Thanks for your replies. What I really want to do is calculate the total
variation of some functions f; this being defined as the integral of the
absolute value of the derivative of f (see
http://en.wikipedia.org/wiki/Total_variation).

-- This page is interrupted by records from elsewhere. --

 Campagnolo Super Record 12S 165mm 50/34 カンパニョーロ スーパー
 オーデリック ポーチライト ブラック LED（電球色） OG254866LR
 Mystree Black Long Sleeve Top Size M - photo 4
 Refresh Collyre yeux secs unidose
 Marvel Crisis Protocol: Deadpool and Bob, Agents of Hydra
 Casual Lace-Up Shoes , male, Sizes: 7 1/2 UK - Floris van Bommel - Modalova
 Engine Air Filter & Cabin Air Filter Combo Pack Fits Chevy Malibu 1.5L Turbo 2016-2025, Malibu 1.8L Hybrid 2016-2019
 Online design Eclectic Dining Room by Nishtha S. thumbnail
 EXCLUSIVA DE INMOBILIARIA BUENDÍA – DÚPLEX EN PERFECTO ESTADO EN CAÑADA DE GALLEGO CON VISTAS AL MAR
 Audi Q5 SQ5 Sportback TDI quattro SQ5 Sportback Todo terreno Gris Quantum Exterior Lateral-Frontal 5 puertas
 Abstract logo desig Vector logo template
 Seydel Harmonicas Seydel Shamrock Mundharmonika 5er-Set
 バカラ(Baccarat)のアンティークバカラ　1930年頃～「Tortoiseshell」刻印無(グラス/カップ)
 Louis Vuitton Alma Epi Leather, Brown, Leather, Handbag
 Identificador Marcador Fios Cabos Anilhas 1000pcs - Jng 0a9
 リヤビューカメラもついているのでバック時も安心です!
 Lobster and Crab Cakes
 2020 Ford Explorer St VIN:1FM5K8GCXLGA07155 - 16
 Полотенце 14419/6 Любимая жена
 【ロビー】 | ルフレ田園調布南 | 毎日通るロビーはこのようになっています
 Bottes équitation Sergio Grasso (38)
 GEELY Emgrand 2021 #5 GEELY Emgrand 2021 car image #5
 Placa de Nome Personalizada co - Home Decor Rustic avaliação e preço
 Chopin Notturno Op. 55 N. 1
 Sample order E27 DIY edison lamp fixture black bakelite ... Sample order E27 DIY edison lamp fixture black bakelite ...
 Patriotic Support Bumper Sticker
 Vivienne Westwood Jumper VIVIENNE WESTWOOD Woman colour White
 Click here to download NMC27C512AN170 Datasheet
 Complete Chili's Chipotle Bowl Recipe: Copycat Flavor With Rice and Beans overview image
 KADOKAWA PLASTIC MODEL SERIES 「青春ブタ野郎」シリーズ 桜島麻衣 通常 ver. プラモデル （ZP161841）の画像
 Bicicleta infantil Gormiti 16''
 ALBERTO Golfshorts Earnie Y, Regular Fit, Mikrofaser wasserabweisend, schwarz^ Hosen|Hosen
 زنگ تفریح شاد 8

The integral of abs was just
a test case.
I can probably use pmint, but the results it produces aren't really useful.
For example:
(%i1) pmint(abs(sin(x)),x);
(%o1) -cos(x)*abs(sin(x))/sin(x)
which is true, but doesn't allow me to enter values for which sin(x)=0.
This is too restrictive.
I could probably do all this numerically, but I would rather obtain
closed-form solutions than numerical approximations.
I'll keep fiddling.
cheers,
Alasdair
On Tue, Jul 15, 2008 at 1:19 AM, Barton Willis <willisb at unk.edu> wrote:
> You can try pmint. Last I checked, you can download pmint from
> http://wxmaxima.sourceforge.net/pmint.mac.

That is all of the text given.